POET 42 — Poetry Workshop: Poetry as Play
Quarter: Summer
Instructor(s): David Gorin
Date(s): Jun 24—Aug 5
Class Recording Available: No
Class Meeting Day: Mondays
Class Meeting Time: 6:30—9:30 pm (PT)
Tuition: $625
Refund Deadline: Jun 26
Unit(s): 2
Enrollment Limit: 21
Status: Registration opens May 20, 8:30 am (PT)
In this course, we will explore techniques that poets have evolved to distract themselves from their inner critics so their writing can be less like work and more like play—absorbing, manageable, and full of surprise—even when it involves serious subjects and ugly feelings. We will practice writing techniques adapted from improv comedy, discover what Beyoncé’s melodies can teach us about the repetitions of the sonnet, and experience how concrete nouns can keep a poem moving. We will keep notebooks to net materials for poetry from our own daily lives and experiment with adapting material from genres not typically thought of as poetic (such as advertisements, advice columns, instruction manuals, and course descriptions).
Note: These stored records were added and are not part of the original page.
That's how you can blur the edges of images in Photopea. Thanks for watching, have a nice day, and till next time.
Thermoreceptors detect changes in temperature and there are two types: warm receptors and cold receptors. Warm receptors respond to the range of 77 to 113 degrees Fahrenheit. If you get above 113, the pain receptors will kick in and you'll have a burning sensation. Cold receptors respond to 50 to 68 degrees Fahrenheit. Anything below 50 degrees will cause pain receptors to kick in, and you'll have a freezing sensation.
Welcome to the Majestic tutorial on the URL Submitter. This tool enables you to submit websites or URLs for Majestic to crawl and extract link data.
Each class session will have two parts: in the first part, we’ll look closely at poems published by others, and in the second part, we’ll talk about poems you have made. Each week, you will write a new poem in reply to a prompt emerging from our conversations. You will leave the course with a portfolio of new work, a new community of peers, and a renewed sense of how to play and why.
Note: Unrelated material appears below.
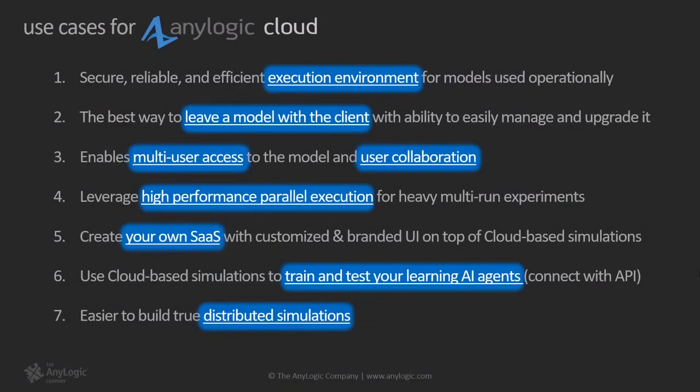In a nutshell, AnyLogic cloud is a reliable environment for executing your models. You can build experiments in the cloud, easily share models with others using different levels of access, enable user collaboration, and provide multi-user access to the model. And it leverages high-performance parallel execution for heavy multi-run experiments. Okay, from this point on, instead of running the models from inside the AnyLogic development environment, I'm going to review and run the models in AnyLogic cloud.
This course is intended for beginning and advanced writers of poetry alike, and it would also benefit writers of prose and song and any art where play occurs.
DAVID GORIN
Poet
David Gorin is the author of To a Distant Country, selected by Jennifer Chang for the Poetry Society of America Chapbook Fellowship and forthcoming in 2024. His writing appears in A Public Space, The Believer, Boston Review, The Iowa Review, and elsewhere. He received the 2023 Emily Dickinson Award from the Poetry Society of America and has been supported by MacDowell and Millay Arts. Gorin has taught creative writing and literature at Yale, Deep Springs College, Eastern Correctional Facility (via the Bard Prison Initiative), and the Pratt Institute, where he was a visiting assistant professor in Humanities and Media Studies. He received an MFA in poetry from the Iowa Writers’ Workshop and an MPhil in English literature from Yale. Textbooks for this course:
There are no required textbooks; however, some fee-based online readings may be assigned.